Analysis of block cipher constructions against biclique and multiset attacks

Abstract

Cryptographic protocols have been a cornerstone of secure communications among armed forces and diplomatic missions since time immemorial. With easy availability and low cost of computing facilities and Internet, the domain of cryptology has not only expanded to non-government uses but also in fulfilling the common needs of individuals. Block ciphers are the basic building blocks of most of today's deployed cryptography and are one of the most widely used cryptographic primitives. They play a crucial role in providing confidentiality of data transmitted over insecure communication channels - one of the fundamental goals of cryptography. Apart from it, block ciphers are also used to build other cryptographic mechanisms such as - Hash functions and Message Authentication Codes. Hence, it is crucial to ensure construction of a secure and robust block cipher design. To achieve so, it is imperative to analyze and evaluate the resistance of block ciphers against a variety of cryptanalytic attacks.

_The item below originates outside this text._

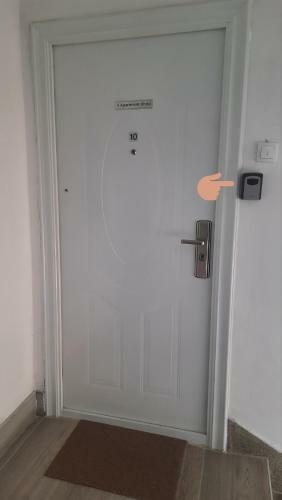 Apartamento S-apartment Ohrid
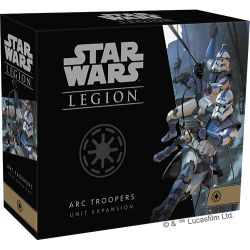 Star Wars: Legion - ARC...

This thesis is devoted to the security analysis of block ciphers and block cipher based hash functions against some of the current state-of-the-art cryptanalytic techniques. We specifically focus on Biclique Cryptanalysis and Multiset Attacks in this work. We propose a new extension of biclique technique - termed as Star based Bicliques and use them to solve the problem of high data complexity usually associated with this technique. Further, we also employ the above cryptanalytic methods to provide the best attacks on few standardized block ciphers. Our cryptanalytic results are as follows:

1. We study biclique based key recovery attacks and _nd improvements that lower the attack costs compared to the original attack in [39]. These attacks are applied to full round AES-128 (10-rounds), AES-192 (12-rounds) and AES-256 (14-rounds) with interesting observations and results. As part of the results, we propose star-based bicliques which allow us to launch attacks with the minimal data complexity in accordance with the unicity distance. Each attack requires just 2-3 known plaintexts with success probability 1.

2. We utilize the biclique based key recovery attacks to find second-preimages on AES based hashing modes. In our attacks, the initialization vector (IV) is a public constant that cannot be changed by the attacker. Under this setting, with message padding restrictions, the biclique trails constructed for key recovery attack in [39] cannot be utilized here. We construct new biclique trails that satisfy the above restrictions and launch second preimage attacks on all 12 PGV hashing modes based on full round AES-128.

3. We investigate the security of Generalized Feistel Networks (GFNs) in known-key scenario. We apply a variant of biclique technique – termed as sliced biclique cryptanalysis on 4-branch, Type-2 Generalized Feistel Networks (GFNs) based hash functions to generate actual collisions. We further demonstrate the best 8-round collision attack on 4-branch, Type-2 based GFNs when the round function F is instantiated with double SP layers.

4. We analyze the security of Korean Encryption Standard ARIA against meet-in-the-middle attack model. We conduct multiset based key recovery attacks on 7 and 8-round ARIA-192 and ARIA-256 with improved time, memory and data complexities compared to [168]. While the previous attacks on ARIA could only recover some round keys, our attacks show the first recovery of the complete master secret key.

5. We analyze the security of recently announced Ukrainian Encryption Standard Kalyna against meet-in-the-middle attack model. We apply multiset attacks supplemented with further related advancements in this attack technique to recover the secret key from 9-round Kalyna-128/256 and Kalyna-256/512. This improves upon the previous best attack reported in [13] in terms of number of rounds attacked by 2.

In terms of either the attack complexity or the number of attacked rounds, the attacks presented in the thesis are better than any previously published cryptanalytic results for the block ciphers concerned.